Lv 8,1-13; Sal 94; Eb 5,7-10; Lc 4,16b-22b

Per la nostra redenzione il Figlio di Dio ha pregato, sofferto e pianto: imparò l’obbedienza da ciò che patì e, reso perfetto, divenne causa di salvezza eterna per tutti coloro che gli obbediscono. (Eb 5)

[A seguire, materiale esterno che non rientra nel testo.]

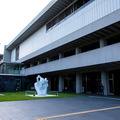 東京国立近代美術館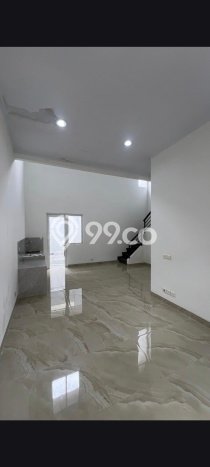 Dijual Hunian Rumah Nyaman 3 KT di Gading Serpong, Tangerang Dijual Hunian Rumah Nyaman 3 KT di Gading Serpong, Tangerang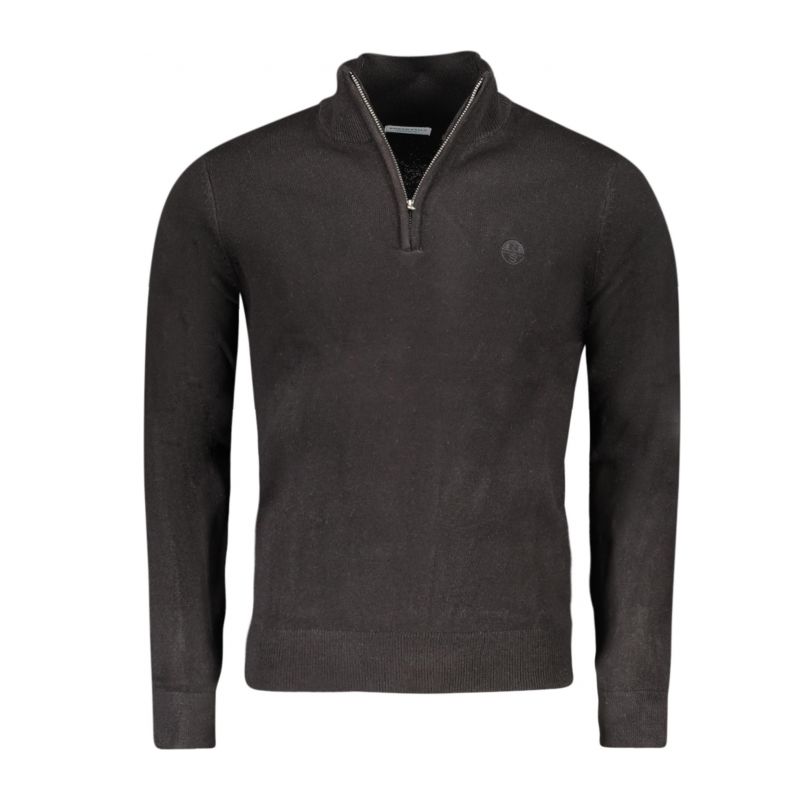 Мъжки пуловер NORTH SAILS 990011000_NE0999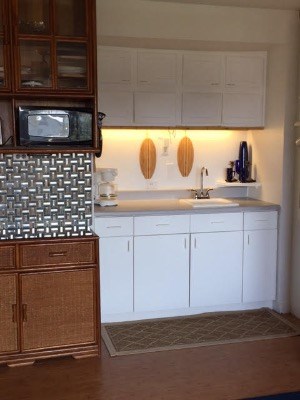 75-5680 KUAKINI HWY, KAILUA-KONA, HI 96740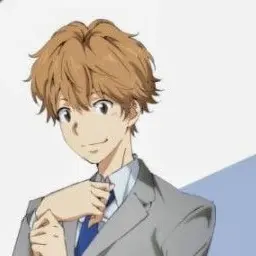 Profile image of 잇시키 토토마루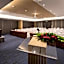 Kantary Hotel and Serviced Apartments Amata Bangpakong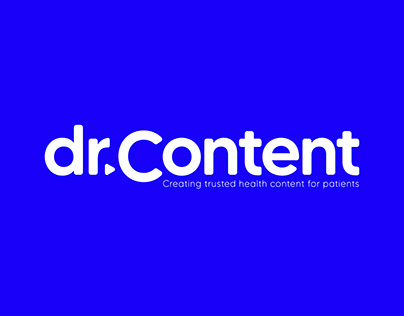 dr.Content: An Outpatient Pre-appointment Solution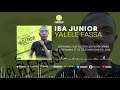 IBA J YALELE FASSA 2021 mp3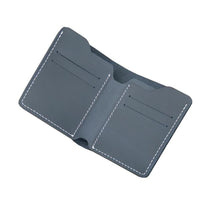portefeuille-court-vintage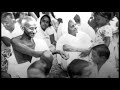 Mahatma Gandhi images Mahatma Gandhi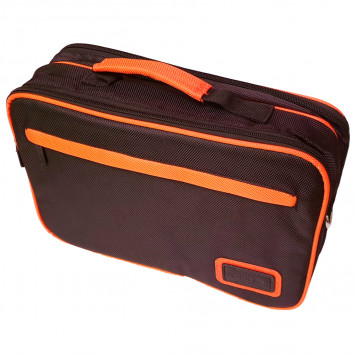 Гибридный CCTV видеотестер TI-HT9699-8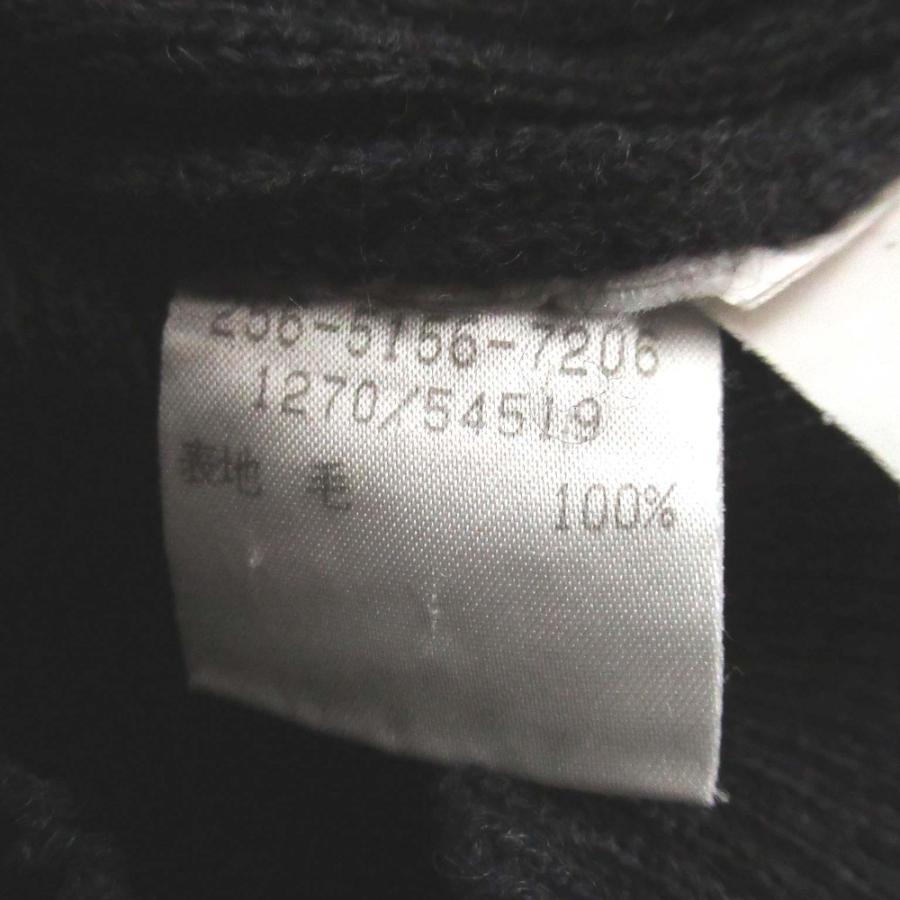 GUCCI（グッチ） 美品 トムフォード期 ロングスリーブ 長袖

Il percorso di accoglienza della volontà di Dio e di consacrazione a lui, passa per tempi di fatica e di sacrificio, e nulla sfugge a ciò che Dio costruisce insieme all’umanità. Mosè compie ciò che il Signore gli ordina di fare e riveste Aronne e i suoi figli della missione sacerdotale che in tal modo si perpetua nel tempo e lungo le generazioni.
Gesù spiega nella sinagoga il vero significato delle scritture che in lui hanno il pieno compimento: “Lo Spirito del Signore è sopra di me”. L’anno di grazia incomincia con la risurrezione di Gesù dai morti. Ma occorre essere poveri e disponibili al disegno divino, aperti alla sua misericordia per poter ricevere il vangelo della salvezza.

 

Preghiamo col Salmo

Venite, cantiamo al Signore,
acclamiamo alla roccia della nostra salvezza.
Accostiamoci a lui per rendergli grazie,
a lui acclamiamo con canti di gioia.